これ、石だよね? 安いとはいえ、ただの石に500円も1,000円も払うのってなんだか腑に落ちない。ましてやAmazonで購入する石に、由緒やら霊験やらを望むべくもない。その辺の河原で良さそうな石を拾ってくる方がまだ健全な気がする。

ハガタメ・ストーン

考えた末、近所の八幡さまの境内から石をお借りすることにした。普段から散歩がてらお詣りしている八幡さまだ。きっと快く貸してくださるに違いない。

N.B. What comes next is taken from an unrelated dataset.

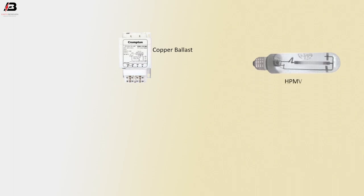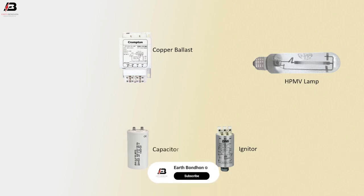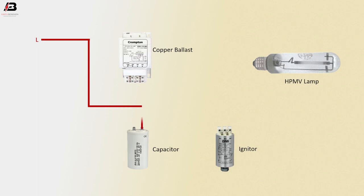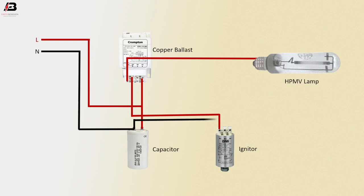Copper Ballast. ASPMV Lamp. Electric Ignitor. Capacitor. Face connection: input to Copper Ballast, and Capacitor face connection outgoing from Ballast to Ignitor. Face connection from Copper Ballast to connect Lamp. Mutual connection connected to Capacitor. Mutual connection between Capacitor and Ignitor. Mutual connection from Ignitor to Lamp.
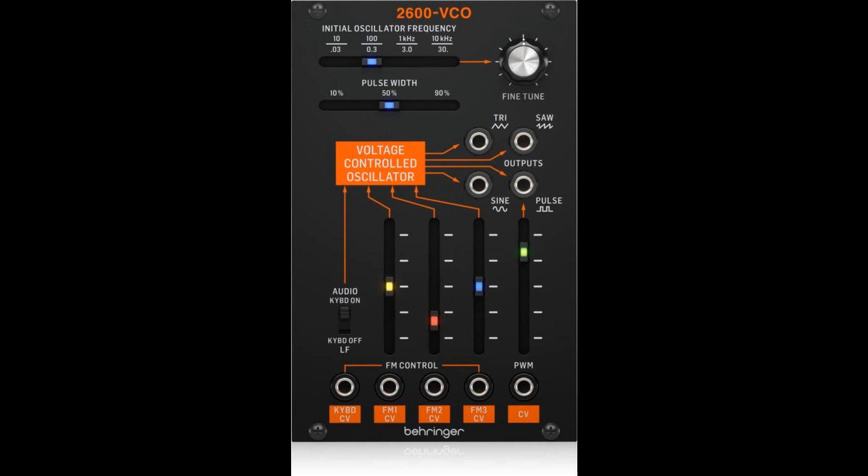The 2600 VCO is a feature-rich module with four simultaneous waveforms — sine, triangle, saw, and pulse — which allow for an awe-inspiring palette of tonal possibilities. You can control the oscillator's frequency, which ranges from 10Hz to 10kHz, and from 0.03Hz to 30Hz when switched to LF mode. The VCO can also be tuned to other instruments or VCOs with the fine-tune knob. Adjust the pulse width range anywhere from 10% to 90%.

いつものように手を合わせてから、失礼して境内の地面をふたりでまさぐる。無事にそれらしい石を見つけ、お礼を言って持ち帰った。石は実際に口に含むわけではないけれど、お膳に載せ、形ばかりとはいえ箸をつける石だ。何度も念入りに洗ってからキッチンハイターとアルコールスプレーで除菌・消毒した。

その後、お食い初めで「歯固めの石」としての役目を無事に果たしてくれた石はきちんと八幡さまの境内にお返しし、家族3人で改めて手を合わせてお礼を言ったのでした。